A veces ve a mujeres por allí, y cree reconocerlas. Si se cruzan cara a cara, ellas simulan no haberlo visto jamás, y entonces el abortero se complace de su misión perfecta.
Con los años perderá la precisión, pero eso no será para él un problema, porque no es un esteta. Tampoco importará que enloquezca. Da lo mismo que las cicatrices sean largas o ínfimas. Es exactamente igual ser despedazado al principio o al final. Ese es todo su conocimiento. Si no estuviera convencido, la mano le temblaría y no pasaría un día sin vomitar.
Extrañas verdades han sido inyectadas en su cerebro poderoso.

Proxeneta


Mete las manos en las vulvas de las mujeres y les irrita los ovarios, rascando con sus uñas ennegrecidas. Les hace entender que un día les arrancará las entrañas y que en adelante ese orificio apestoso es solo suyo y se alquila por 20 pesos.
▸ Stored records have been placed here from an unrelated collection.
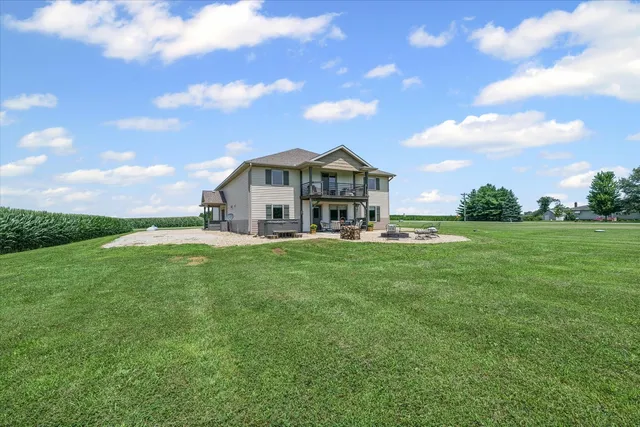 a view of a house with a big yard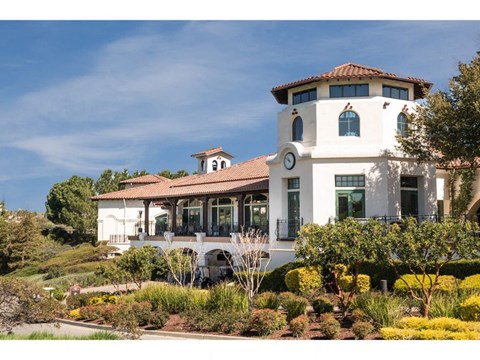 a large white building with a clock on it and a garden in front of it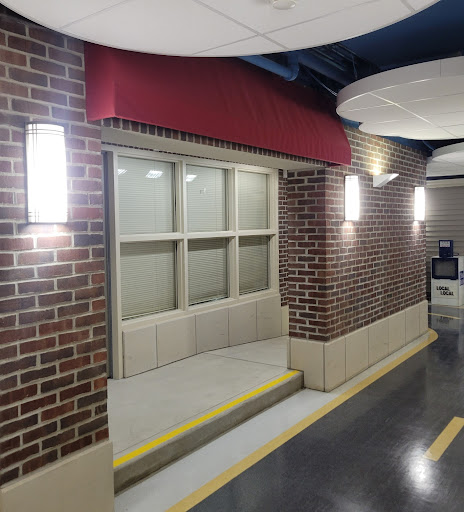 A view of a well-lit corridor featuring a brick wall and a window with steps leading up to it.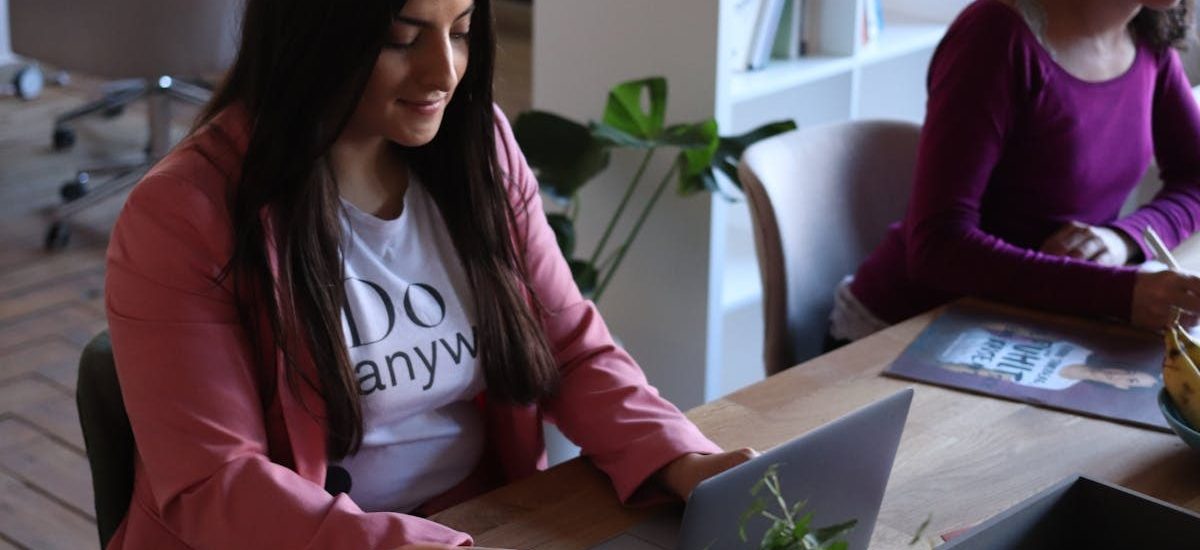 Two women working at laptops in a stylish office space, focused and productive.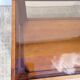 Table basse vintage bois et verre fumé 1970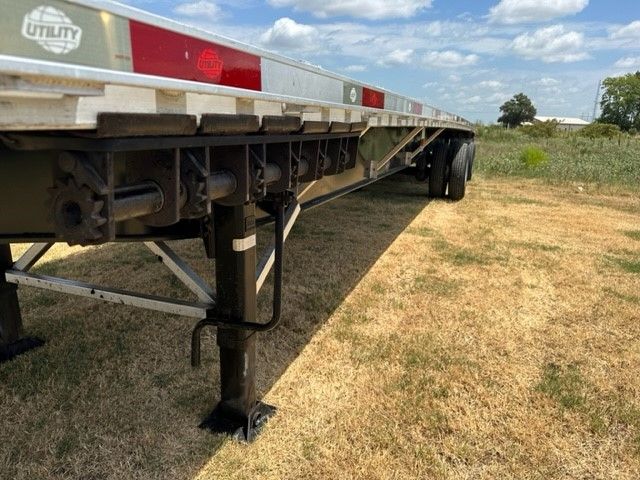 Utility flatbed trailer with landing gear and dual rear wheels, 48x102 dimensions, side rails with reflective tape.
No necesita repetirlo. Se acuesta a esperar sus ganancias. A medida que avanza la noche, ellas van llegando con el porcentaje. Si intentan estafarle, el Proxeneta lo advierte en seguida y les abofetea. Cuenta los billetes dos veces y casi siempre las despide fríamente. Pero a veces está de humor o siente lástima, y entonces les da un beso que les hincha la boca y les hace sangrar los labios. Las desviste y somete allí mismo. Eyacula en la vulva o en el ano cuando quiere halagarlas.
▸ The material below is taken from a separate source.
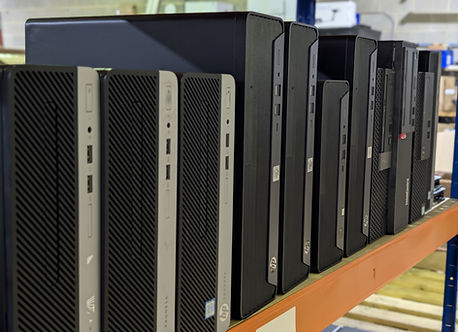 Multiple black and silver desktop computers lined up on an orange shelf.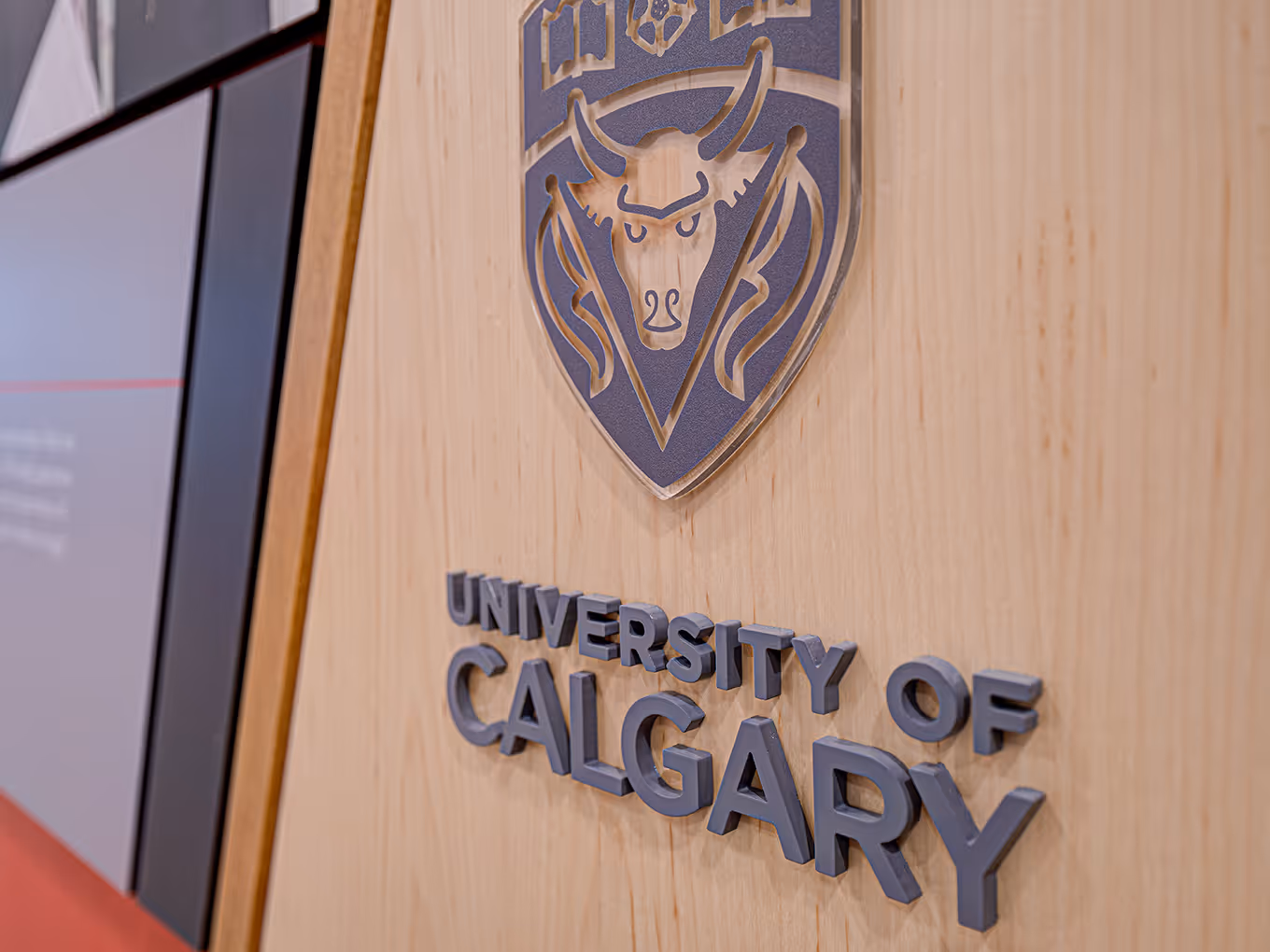 Close-up of University of Calgary crest and dimensional lettering mounted on a wood-finished panel within the Faculty of Law display.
Si hay problemas, se levanta para aplastar las narices de los que no pagan, y los muchachos se echan a llorar cuando les amenaza con meterles la bota entre las costillas.

Otros son más avezados y es necesario advertirles que les romperá las piernas o les clavará una bala. El Proxeneta nunca ha matado a nadie, pero una vez se vio obligado a extraer una vara de hierro oxidado del recto de un hombre.

Se le cree de mal corazón, aunque en realidad es compasivo e indulgente. Está hecho de carne y hueso. Cuando ama a una mujerzuela, se encierra noches enteras a emborracharse para forzarse a olvidarla. Entonces el sufrimiento se diluye en el alcohol, como los corazones vacíos que se guardan en frascos y que han perdido ya toda la sangre.

Pero a veces quisiera pasarse toda la noche con una o dos de ellas, y besarlas en la frente y en los párpados, y acostarse tranquilamente y mirar la televisión. Incluso podría ventosearse en paz y cerrar por fin ambos ojos… Hasta le gustaría sacar los billetes y pagar el doble de lo acordado.
Pero jamás lo hará, porque ellas son peligrosos como culebras o gatos. Sacarían las uñas y le perderían el respeto. Se aprovecharían como hacen todas las putas, que mienten y traicionan y son ociosas y muerden al que les da de comer. Por eso no se da ese lujo y cuando se ajusta los anillos piensa que en justicia debería partirles la boca.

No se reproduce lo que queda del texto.